Os problemas logísticos levam a aumento de custos e atraso na entrega de mercadorias. Os frigoríficos sinalizam que alguns clientes já se mostram bastante insatisfeitos com o atraso no cumprimento de contratos. Sorte que a nossa carne é barata e que o mercado mundial está meio enxuto.

Fora questões sanitárias e logísticas, ainda existem problemas com relação à qualidade/padronização da nossa carne e segurança alimentar. Focando nesse segundo item, o SISBOV ainda não conseguiu se estabelecer, não agradou, não conquistou a confiança da cadeia produtiva, quesito fundamental para que funcione de verdade.

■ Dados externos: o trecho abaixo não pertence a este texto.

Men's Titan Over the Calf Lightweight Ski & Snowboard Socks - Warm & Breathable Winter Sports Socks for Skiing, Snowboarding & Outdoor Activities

Ainda é tempo para arrumar a casa e discussões bem fundamentadas, levando a soluções possíveis de serem implantadas, têm ocorrido com bastante freqüência nos meios de informações especializadas.

O fato é que a segurança alimentar vem ganhando cada vez mais peso no processo decisório dos grandes compradores mundiais. O Brasil, como maior exportador mundial, tem que adotar postura pró-ativa. Correr na frente, e não atrás. Ser copiado, e não copiar.

O fator preço, principal vantagem competitiva da carne brasileira, vale muito para mercados marginais, mas vem perdendo espaço em mercados mais desenvolvidos, que pagam caro, que querem produto de qualidade. Qualidade, sanidade e segurança alimentar são quesitos básicos para se conquistar os grandes importadores e receber mais pela carne exportada.

Por que a cotação da arroba do boi gordo australiano chega a valer o dobro do praticado no Brasil? Primeiro, porque lá a classe produtiva é organizada, faz valer sua força. Depois, porque a carne deles vale o dobro da brasileira.

Alguém duvida que no ano que vem os Estados Unidos voltam com tudo atrás dos mercados perdidos? Que vão investir pesado em segurança alimentar, qualidade, promoção e marketing?

Na posição de primeiro do mundo, o Brasil é o concorrente mais visado no mercado internacional. Precisa fazer a lição de casa, principalmente com relação às questões discutidas ao longo do texto: sanidade, logística, qualidade e segurança alimentar.

O maior inimigo brasileiro não são os Estados Unidos, a Austrália ou a Argentina. É o Brasil, são as questões internas que mais ameaçam a posição alcançada em 2003. Isso por um lado é bom, pois é melhor bater cabeça com quem já se conhece. Com empenho, dedicação e organização aparam-se as arestas, e aí não tem pra ninguém. Clima, extensão territorial, mão-de-obra qualificada, forrageiras e rebanho adaptados, custos de produção relativamente baixo… são muitas as vantagens em se produzir carne bovina aqui.

Não se pode bobear. Qualquer descuido, um passo fora do tablado, pode ser fatal. Vide exemplo na Daiane dos Santos, para despencar de primeiro para quinto basta um segundo.